:: Data records ::
▼

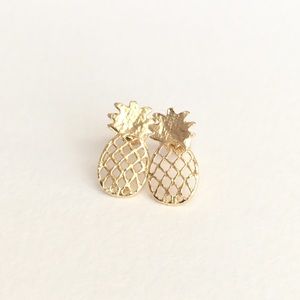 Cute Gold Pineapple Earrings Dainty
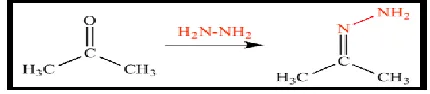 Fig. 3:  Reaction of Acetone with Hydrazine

▲
▼

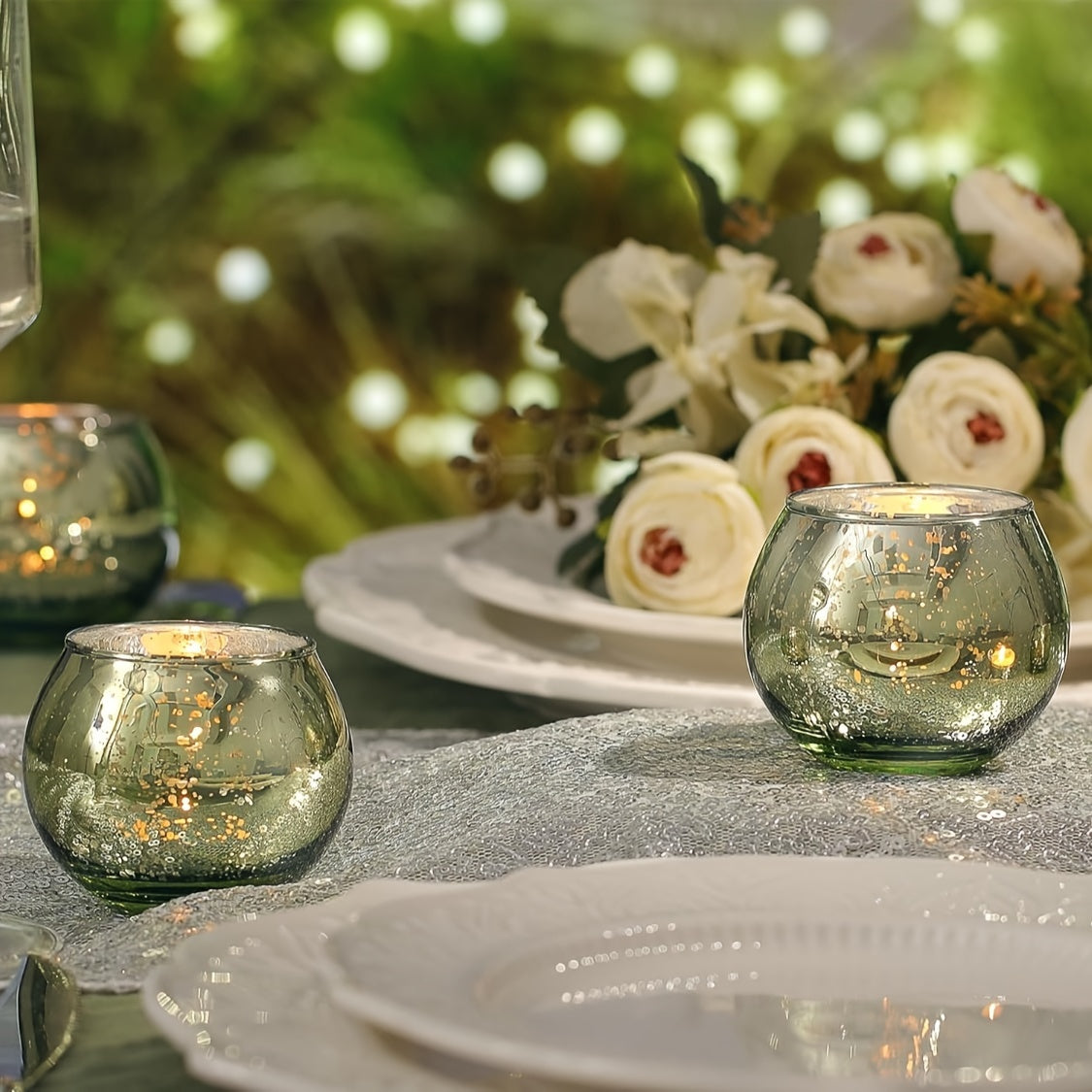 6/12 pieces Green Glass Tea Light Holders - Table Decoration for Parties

▲
▼

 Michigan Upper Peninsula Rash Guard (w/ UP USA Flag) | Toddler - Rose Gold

▲

:: Exercise directions ::
Only one stretch of the listing is wanted: the lines starting at the one with "Cute Gold Pineapple Earrings Dainty" and ending at the one with "Acetone with Hydrazine", copied exactly and free of pictures.

:: Final answer ::
 Cute Gold Pineapple Earrings Dainty
 Fig. 3:  Reaction of Acetone with Hydrazine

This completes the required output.